- _WORK TO COMPLETE_
Using the records below, quote only the span that opens with the line containing "New Balance 740" and closes with the line containing "studio photo of", exactly and inclusively.

- _DATA RECORDS_
=== Section Start ===
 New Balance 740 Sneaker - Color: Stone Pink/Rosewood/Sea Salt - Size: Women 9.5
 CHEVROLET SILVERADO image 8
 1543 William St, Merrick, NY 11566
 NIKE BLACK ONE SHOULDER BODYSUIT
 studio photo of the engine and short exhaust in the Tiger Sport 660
=== Section End ===
=== Section Start ===
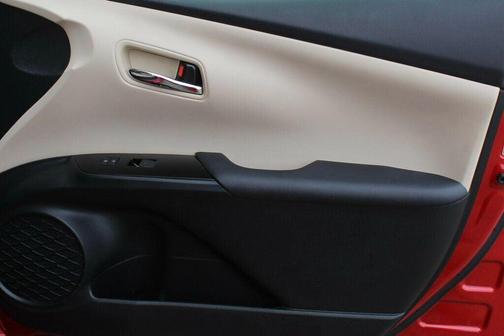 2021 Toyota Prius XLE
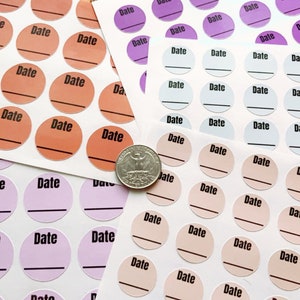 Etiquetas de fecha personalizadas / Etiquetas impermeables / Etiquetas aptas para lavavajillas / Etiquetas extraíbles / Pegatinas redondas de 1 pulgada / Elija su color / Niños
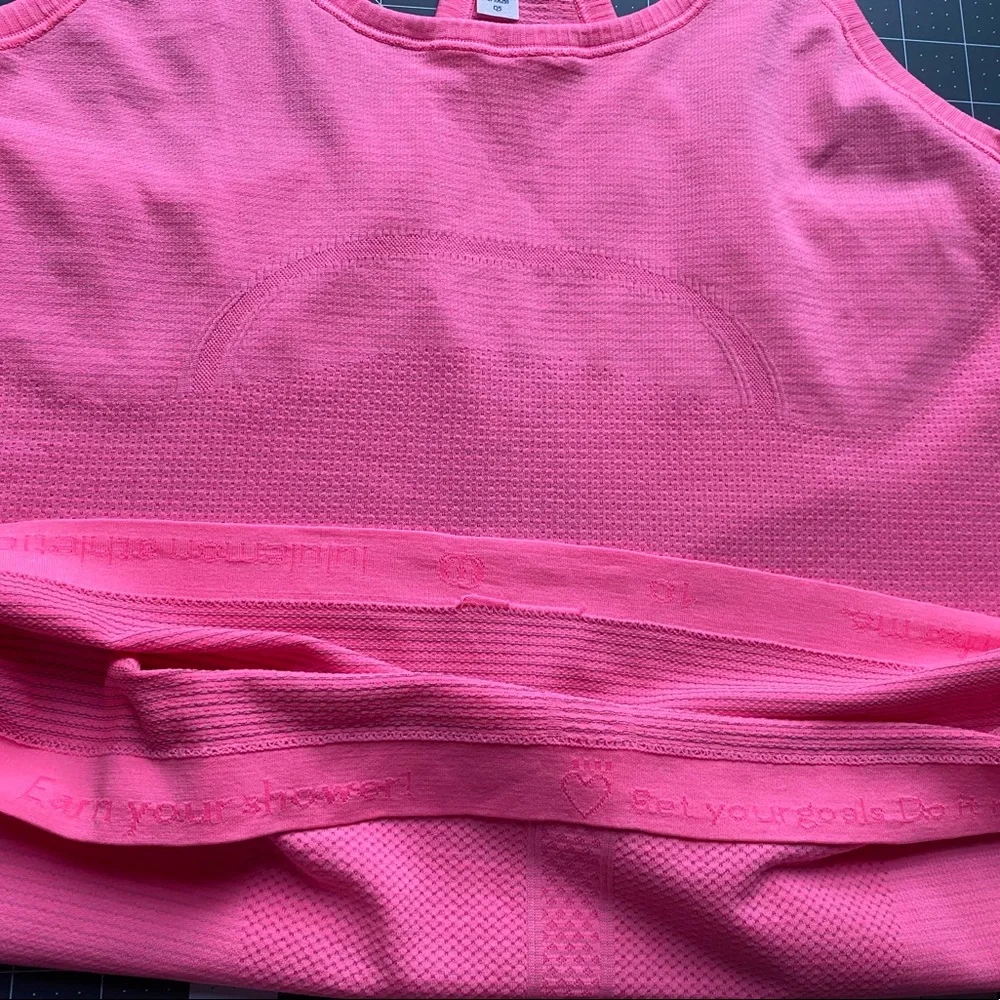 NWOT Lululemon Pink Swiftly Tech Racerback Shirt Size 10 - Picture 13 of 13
=== Section End ===
- _RESPONSE BELOW_
 New Balance 740 Sneaker - Color: Stone Pink/Rosewood/Sea Salt - Size: Women 9.5
 CHEVROLET SILVERADO image 8
 1543 William St, Merrick, NY 11566
 NIKE BLACK ONE SHOULDER BODYSUIT
 studio photo of the engine and short exhaust in the Tiger Sport 660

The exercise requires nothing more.